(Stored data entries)
________________

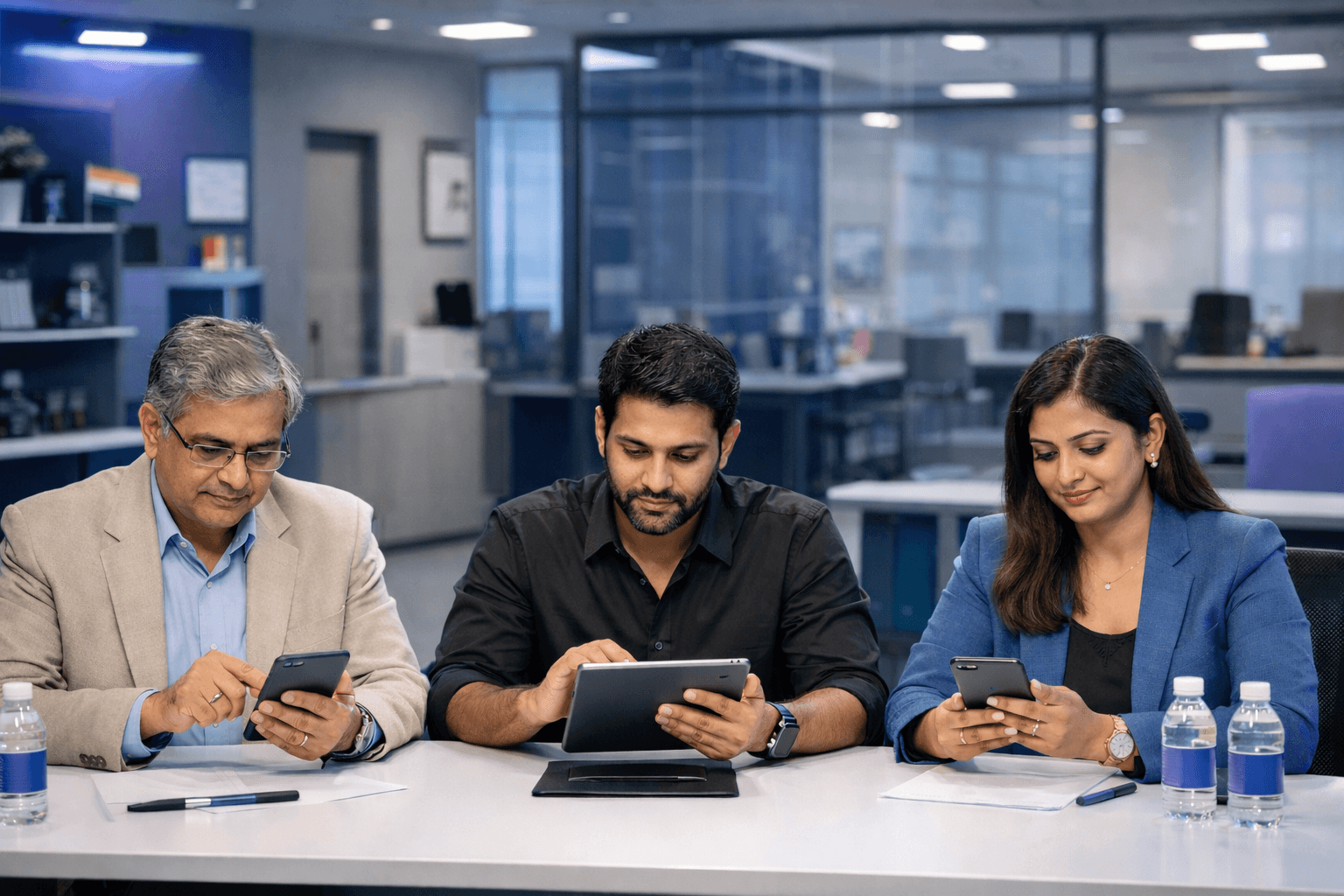 Three Indian judges a senior professor, a startup founder, and a tech industry expert—sit at a clean table in a modern university innovation lab, reviewing hackathon projects on their smartphones and tablet. The space is well-lit with a blue-toned, professional atmosphere, glass-walled rooms in the background, and minimal clutter, conveying an organized and credible judging environment.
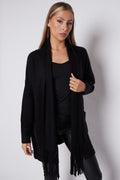Black Fringed Tassel Cardigan-0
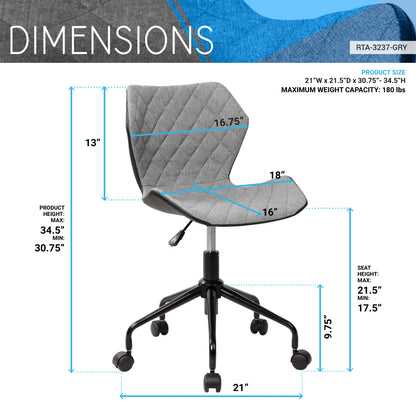 Techni Mobili Deluxe Modern Office Armless Task Chair, Grey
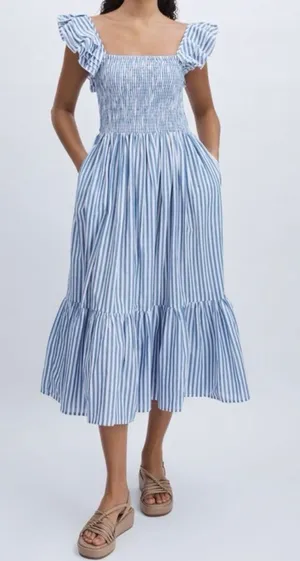 Mille Olympia Linen Midi Dress Size Small Smocked Tiered Ruffle Sleeve thumbnail 1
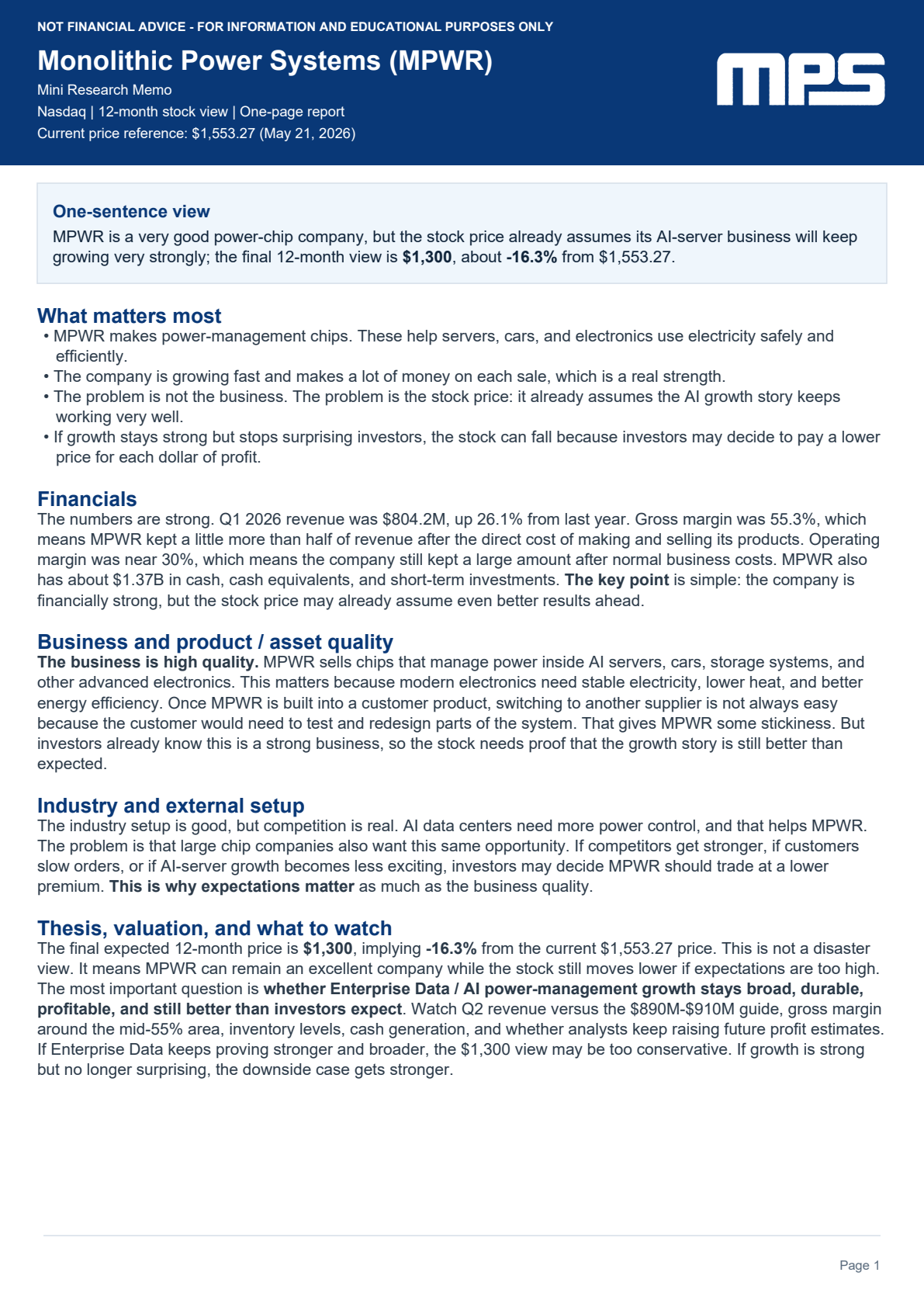 First page of the simple report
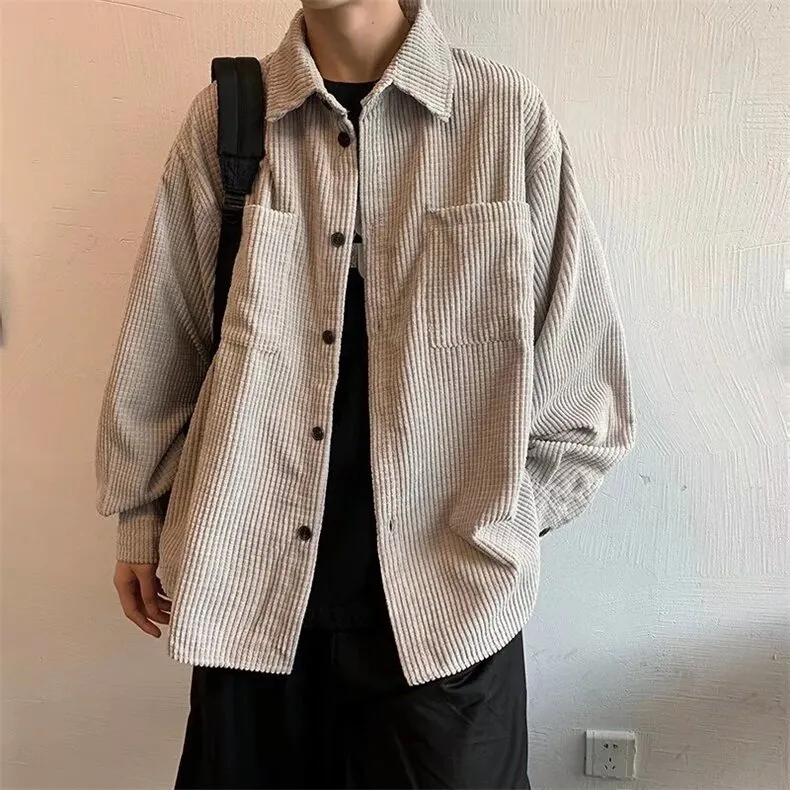 2022 Jacket Workwear Corduroy Jacket Boys Spring and Autumn Fashionable  Loose Casual Retro Cy | Lazada Singapore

________________

What needs to be done — Please, without any pictures, print each entry exactly.

Answer box —
 Three Indian judges a senior professor, a startup founder, and a tech industry expert—sit at a clean table in a modern university innovation lab, reviewing hackathon projects on their smartphones and tablet. The space is well-lit with a blue-toned, professional atmosphere, glass-walled rooms in the background, and minimal clutter, conveying an organized and credible judging environment.
Black Fringed Tassel Cardigan-0
 Techni Mobili Deluxe Modern Office Armless Task Chair, Grey
 Mille Olympia Linen Midi Dress Size Small Smocked Tiered Ruffle Sleeve thumbnail 1
 First page of the simple report
 2022 Jacket Workwear Corduroy Jacket Boys Spring and Autumn Fashionable  Loose Casual Retro Cy | Lazada Singapore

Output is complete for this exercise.